2. Supply‑chain policies: what the sources say and what they do not
Deezer’s investor pages describe human resources priorities — talent development, wellbeing, and diversity & inclusion — showing internal people‑policy commitments [3]. However, none of the provided results show a standalone supplier code of conduct, multi‑tier supply‑chain due diligence statement, or a published modern‑slavery / human‑trafficking disclosure typical of larger manufacturers and retailers; available sources do not mention a detailed supplier or supply‑chain human‑rights policy for Deezer [3] [1] [2].
3. AI policy context where Deezer signals rights protection of creators
Deezer has positioned itself publicly as a defender of artists’ rights in the AI era: it signed the Statement on AI Training and has repeatedly described commitments to “protecting the rights of artists and creators,” deploying AI detection and tagging to block fraudulent AI‑generated streaming and to prevent improper monetization [5] [6] [4]. Those moves are framed as ethical protections for creators rather than comprehensive human‑rights or supplier‑chain due diligence policies [6] [4].
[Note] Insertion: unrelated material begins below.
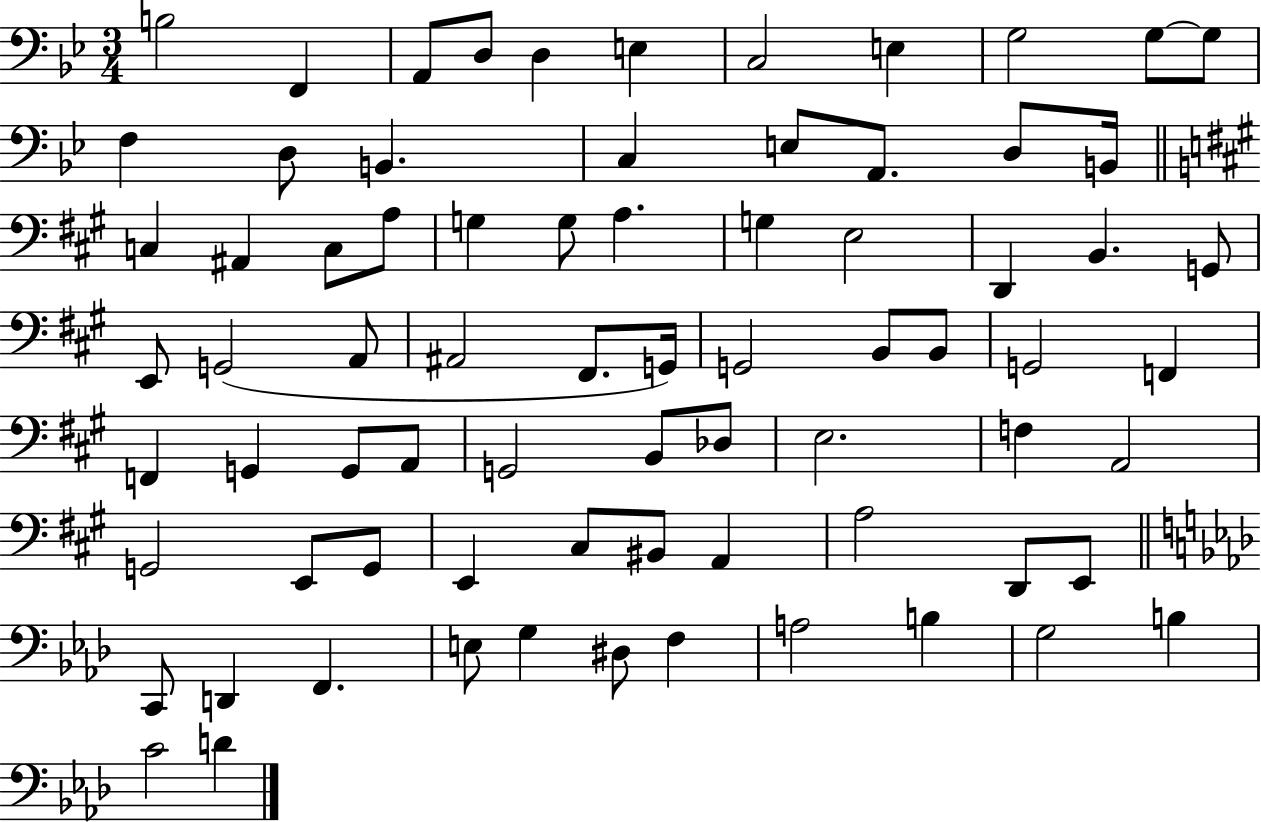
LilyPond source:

4. Public actions tied to policy language: enforcement and practical steps
Deezer has acted operationally on its AI/rights stance: it applied for patents for AI‑detection tools (Dec 2024), labels 100% AI tracks, filters fraudulent streams out of royalties, and excludes such content from editorial and algorithmic recommendations — concrete steps that align with its stated artist‑rights commitments [6] [4]. These operational steps address platform integrity and creators’ economic rights but do not substitute for a published supply‑chain human‑rights due‑diligence policy [6] [4].
5. Where reporting points to gaps or nuance
Industry coverage and watchdog‑style sites note Deezer’s ethical positioning and contrast it with larger rivals, but the reporting primarily discusses AI, artist payments and internal D&I initiatives rather than third‑party supplier audits or forced‑labour disclosures [7] [8] [3]. Ethical Consumer and other analysts reference Deezer’s ethical profile but the provided snippets don’t cite a supplier or modern‑slavery statement; available sources do not mention such a document [9] [3].
6. Competing perspectives and implicit agendas
Deezer’s public narrative emphasizes artist protection and “ethical” streaming as a differentiator versus big rivals — a commercial positioning that also serves marketing and investor relations aims [7] [8]. Investor materials stress employee wellbeing and governance, which supports capital-market trust but may not address supplier-tier risks often highlighted by NGOs and regulators; the sources show corporate messaging but not comprehensive external verification [1] [3].
7. What to do next if you need confirmation or a copy of a policy
For definitive proof of any supplier code, modern‑slavery statement, or human‑rights due‑diligence report, consult Deezer’s official governance or legal pages and investor relations downloads (the Code of Ethics is available; Terms & Conditions are published) or request documents directly from Deezer’s IR/legal contacts — current reporting shows the Code of Ethics and T&Cs but available sources do not supply a published supplier‑specific human‑rights policy [1] [2] [3].
Limitations: This analysis relies only on the provided search results. If Deezer has published additional supplier or human‑rights policies after these sources were indexed, those documents are not reflected here; available sources do not mention them [1] [2] [3] [4].